▸ Supplied records:

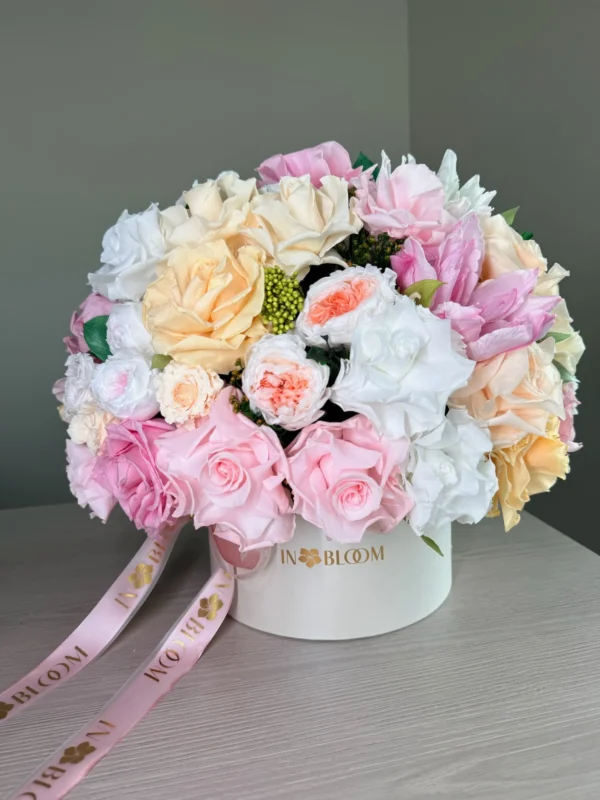 Lana - Peach and Pink preserved flowers gift box detail view in Dubai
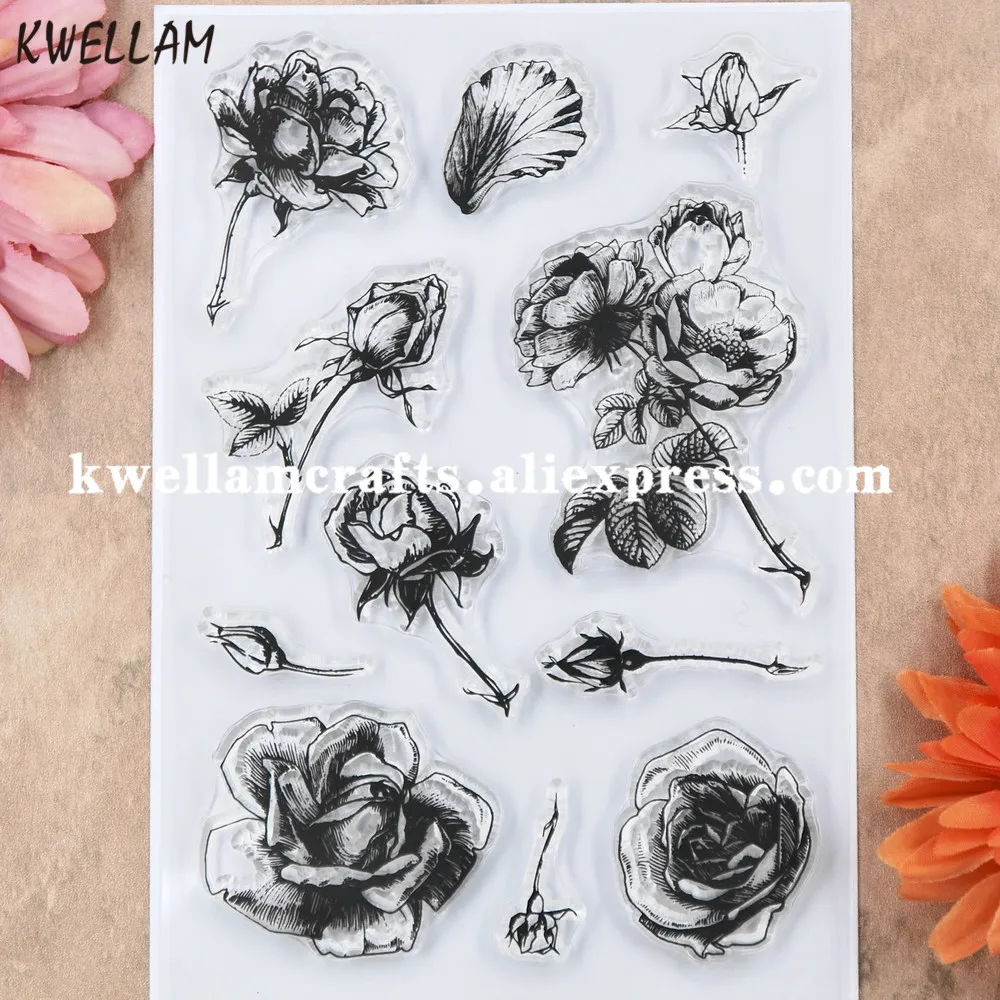 Rose Flowers Scrapbook DIY photo cards rubber stamp clear transparent 11x16cm KW8122802 | Дом и сад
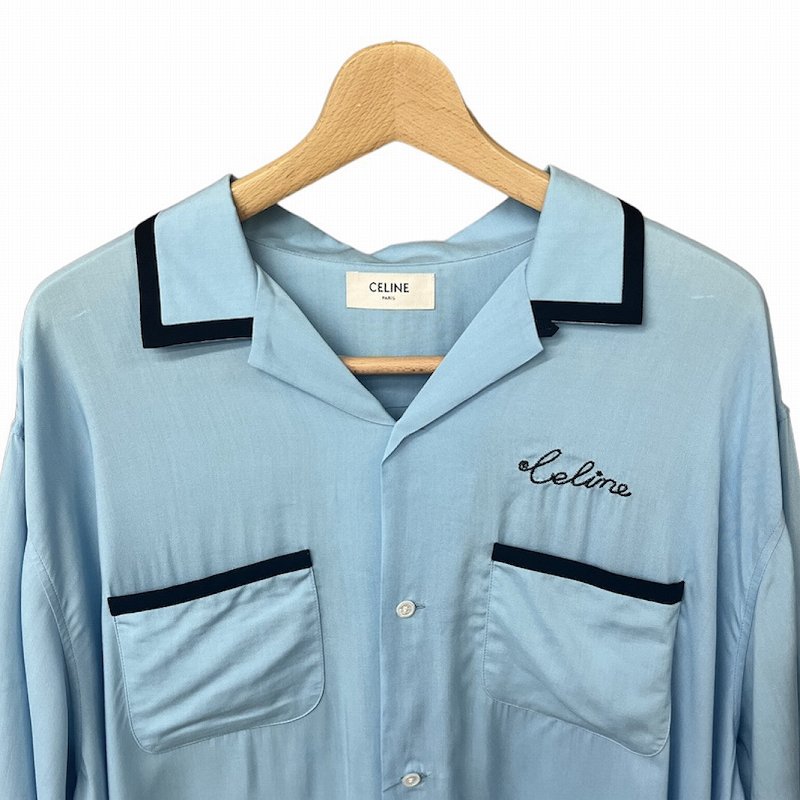 CELINE/セリーヌ 2C516852C ルーズボーリングシャツ ロゴ刺繍 レーヨン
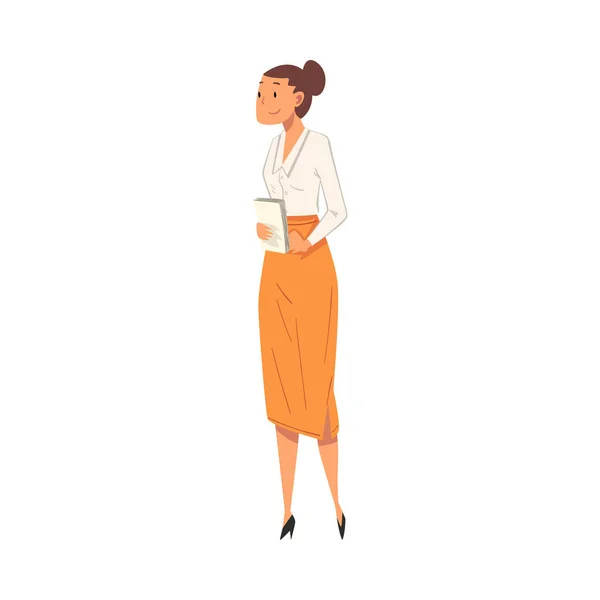 Personnage Femme d'affaires, Travailleuse de bureau souriante, Secrétaire Illustration vectorielle de bande dessinée — Image vectorielle
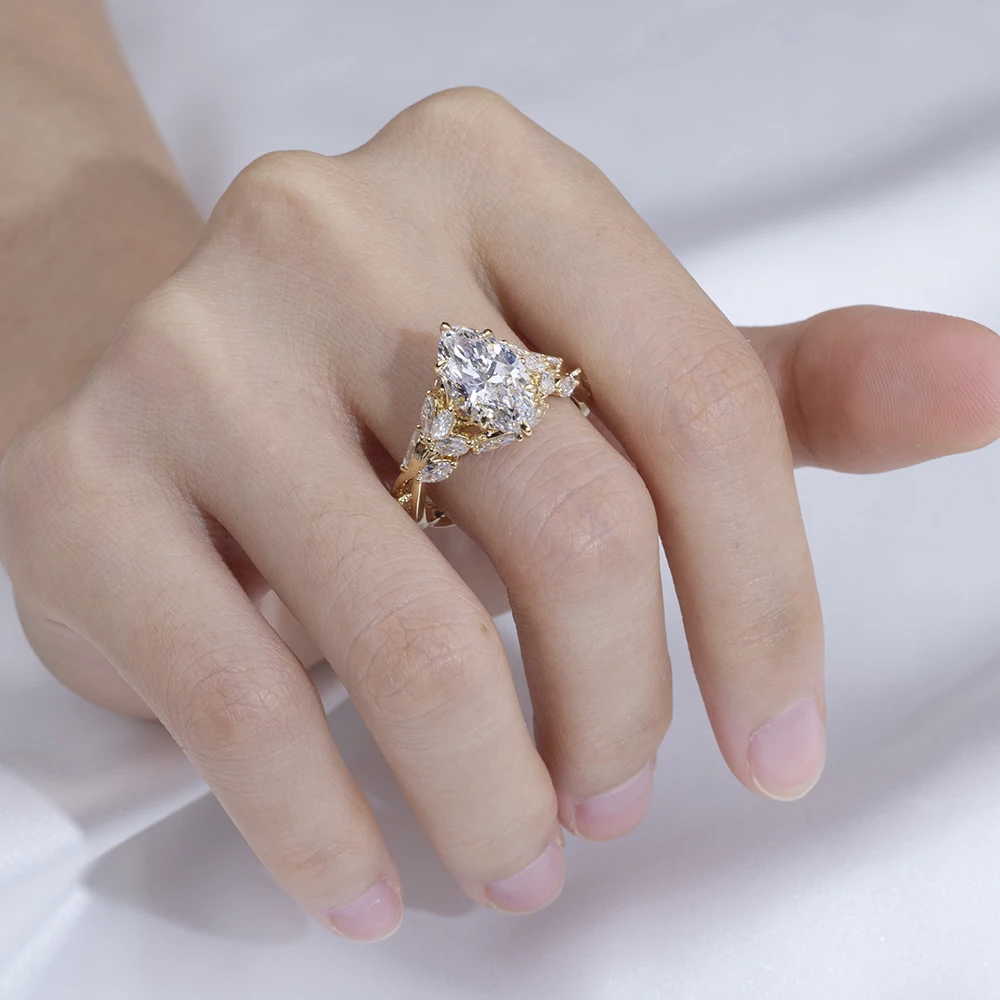 3.50 CTW Marquise Cut Designer Yellow Gold plated Bridal Wedding Ring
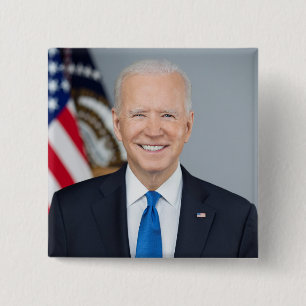 President Joe Biden White House Portret Vierkante Button 5,1 Cm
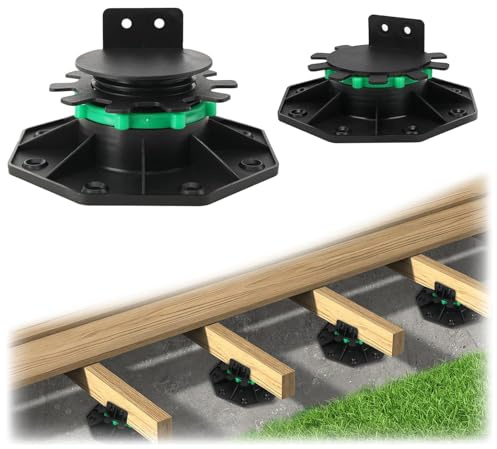 Hanured® 24 pièces Plots terrasse réglable, hauteur réglable de 40 mm à 60 mm, avec anneau de fixation pour une stabilité maximale, supports de solives de plancher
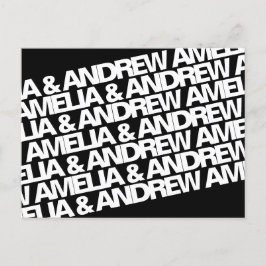 Modern Namn Bröllop spara datum Meddelande Vykort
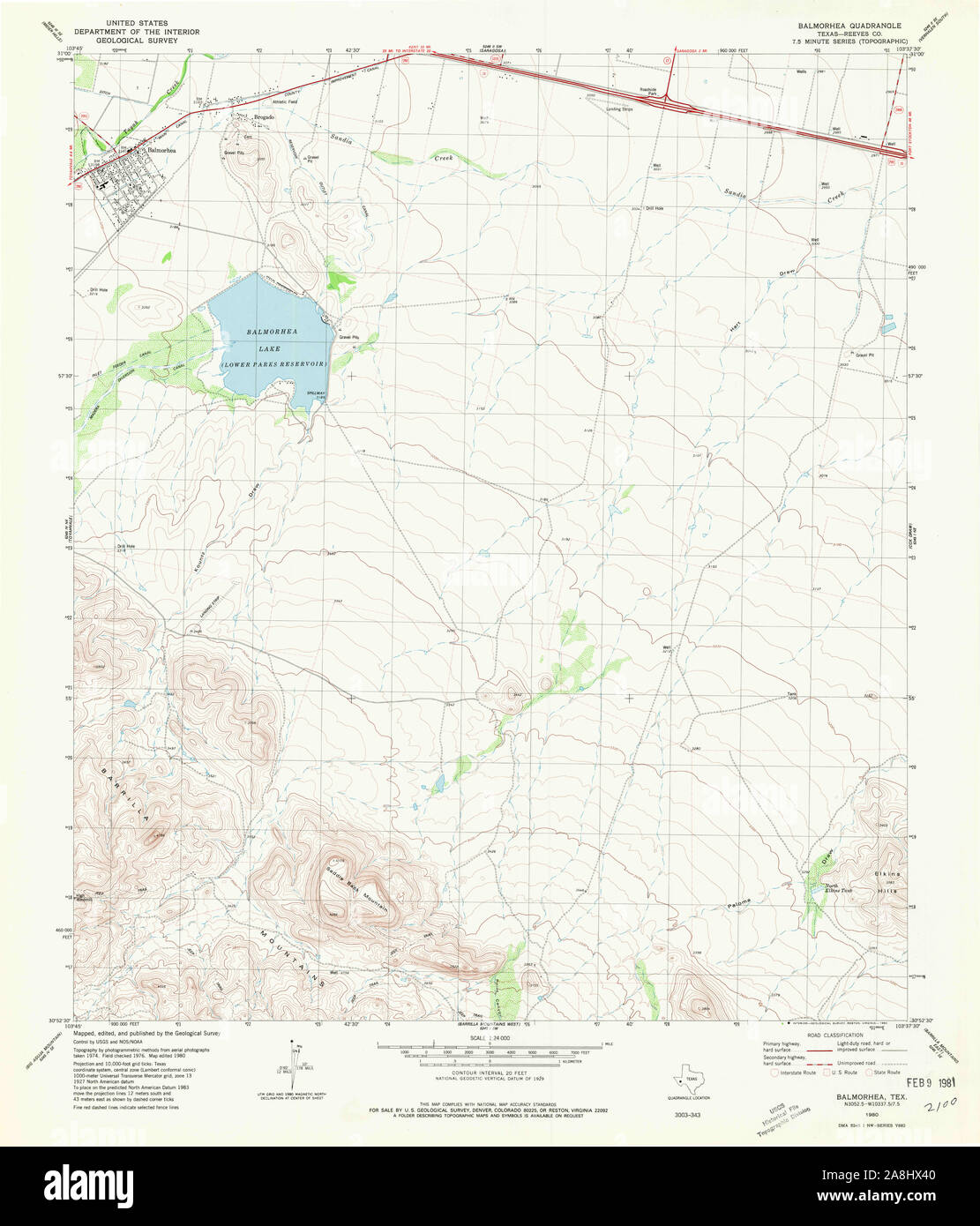 USGS TOPO Karte Texas TX Balmorhea 106329 1980 24000 Wiederherstellung Stockfoto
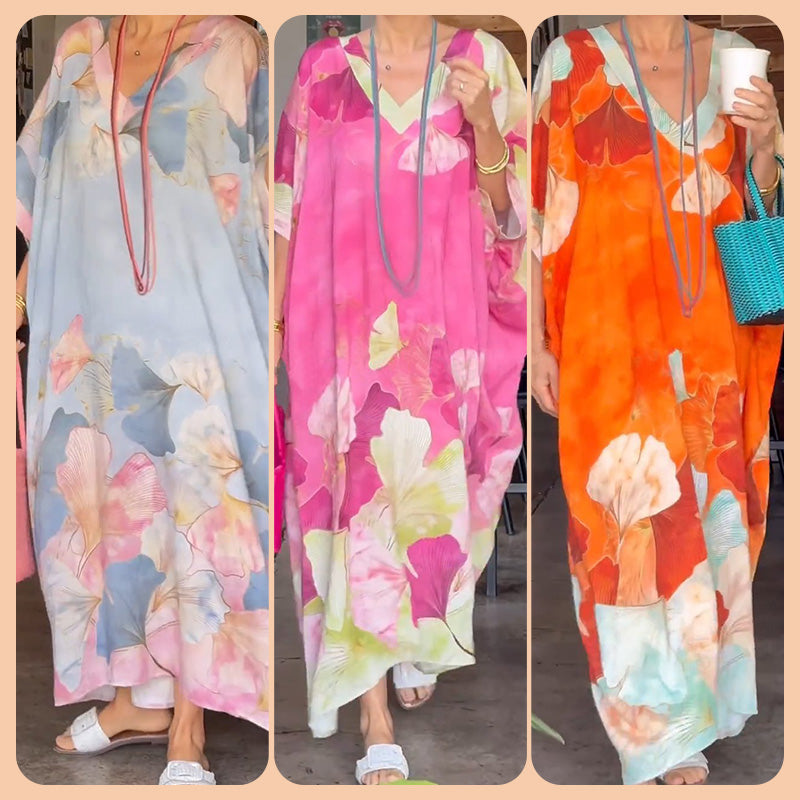 Myrelith - Robe femme longue fluide à imprimé floral et col V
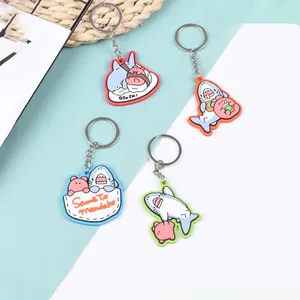 Desent Custom Logo Soft Rubber PVC Plastic Keychain Ring Fashion 2D 3D Cute Cartoon Personalised Keychains For Promotional Gifts
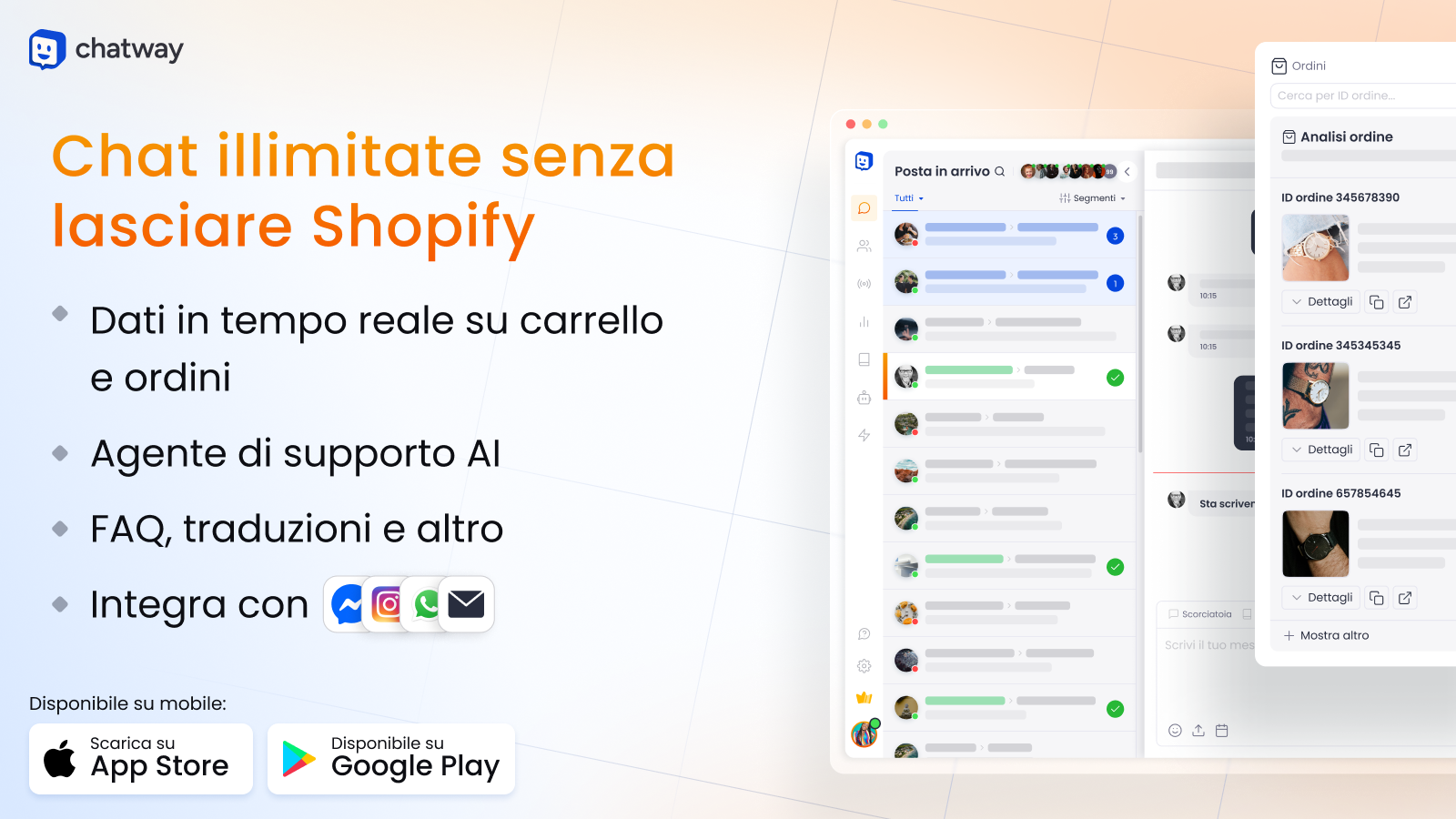 Live chat, chatbot IA, FAQ e WhatsApp per supporto e aiuto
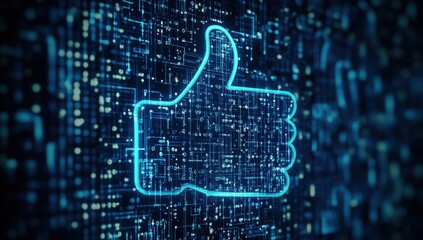 Digital blue thumbs-up icon on a dark background with a binary code or circuit board pattern Generative AI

▸ What is being asked:
Your answer must be the lines from the one containing "3.50 CTW Marquise" through the last line of the records, both included, written out exactly and without pictures.

▸ Exercise output:
 3.50 CTW Marquise Cut Designer Yellow Gold plated Bridal Wedding Ring
 President Joe Biden White House Portret Vierkante Button 5,1 Cm
 Hanured® 24 pièces Plots terrasse réglable, hauteur réglable de 40 mm à 60 mm, avec anneau de fixation pour une stabilité maximale, supports de solives de plancher
 Modern Namn Bröllop spara datum Meddelande Vykort
 USGS TOPO Karte Texas TX Balmorhea 106329 1980 24000 Wiederherstellung Stockfoto
 Myrelith - Robe femme longue fluide à imprimé floral et col V
 Desent Custom Logo Soft Rubber PVC Plastic Keychain Ring Fashion 2D 3D Cute Cartoon Personalised Keychains For Promotional Gifts
 Live chat, chatbot IA, FAQ e WhatsApp per supporto e aiuto
 Digital blue thumbs-up icon on a dark background with a binary code or circuit board pattern Generative AI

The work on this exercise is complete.